A saga do funk pelas lentes do direito penal
O funk na batida: baile, rua, e parlamento recorre à teoria criminológica para mostrar como o gênero foi marginalizado pelo poder público
Em setembro de 2023, a funkeira Anitta se apresentou no palco do Video Music Awards cantando funk carioca. Naquela noite, o ritmo que ganhou vida nos bailes frequentados por negros da periferia do Rio de Janeiro estava no topo do mundo. Mas, no Brasil, Estado e parte da sociedade ainda enxergam o funk com lentes criminais. No livro O funk na batida: baile, rua e parlamento, lançado pela Edições Sesc, Danilo Cymrot, doutor em direito penal pela USP, conta a saga do funk sob a perspectiva penalista. Na obra, finalista do Prêmio Jabuti de 2023, Cymrot recorre à teoria crítica criminológica para mostrar como o funk foi arrastado pelo poder público para a marginalização, assim como aconteceu com outras manifestações culturais negras, como o samba ou a capoeira.
Mas O funk na batida é um apontamento cuja qualidade extrapola o interesse da comunidade jurídica. Foge do juridiquês, tem rica pesquisa histórica e revela bastidores saborosos da história do funk. Como, por exemplo, os bailes de corredor, onde jovens funkeiros se dividiam em dois grupos e, por um tempo definido pelo DJ, se enfrentavam em brigas organizadas. Perseguido pelas autoridades e com cobertura midiática sensacionalista, Cymrot conta que o baile de corredor representava uma fração diminuta entre os bailes funk no Rio. E que essas brigas eram o ponto alto das festas: “O tempo [das brigas] era limitado severamente pelos organizadores. Durante o evento, os seguranças reprimiam qualquer esboço de briga, mas quando chegavam ao final, eles se afastavam e ocorria o que se convencionou chamar de ‘quinze minutos de alegria’.”

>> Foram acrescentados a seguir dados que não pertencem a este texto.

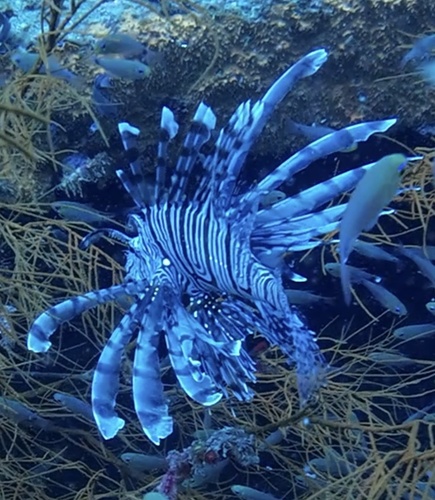 Pterois volitans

O autor não confere um olhar romantizado sobre o ritmo. Apresenta o funk em sua pluralidade de manifestações e intenções. Ele está interessado em apontar a seletividade do poder público. E pergunta: Por que as brigas nos bailes funk incomodavam ao ponto de algumas festas serem proibidas, enquanto as brigas nas boates da classe média alta da Zona Sul não eram reprimidas? Por que outros atos criminosos retratados no cinema e na tevê não são perseguidos, como quando aparecem nas letras dos funks proibidões? Cymrot não demora a dar a resposta ao sublinhar o tratamento díspar do Estado e seus critérios de raça e classe: “Há dois níveis de criminalização, ambos fortemente marcados pela seletividade, essa seletividade é movida por interesses de classe em uma sociedade dividida e conflitiva […], o que deve ser considerado crime para um grupo não necessariamente é o mesmo que deve ser considerado para outro.”
Desde o surgimento dos bailes funk, o poder público age para reprimir. DJs chegaram a ser encapuzados e levados para o Departamento de Ordem Política e Social (Dops). A juventude negra reunida, e orgulhosa de sua identidade, soava como algo ameaçador: “Uma das mais significativas formas de lazer da juventude pobre e negra foi e ainda é sistematicamente reprimida”, diz o autor. Em 2019, enquanto Anitta tocava sua carreira internacional, o DJ Rennan da Penha foi preso e acusado de associação ao tráfico de drogas (e inocentado pelo STJ em junho de 2023), e nove jovens morreram pisoteados num baile funk da favela paulistana de Paraisópolis, durante uma operação policial truculenta.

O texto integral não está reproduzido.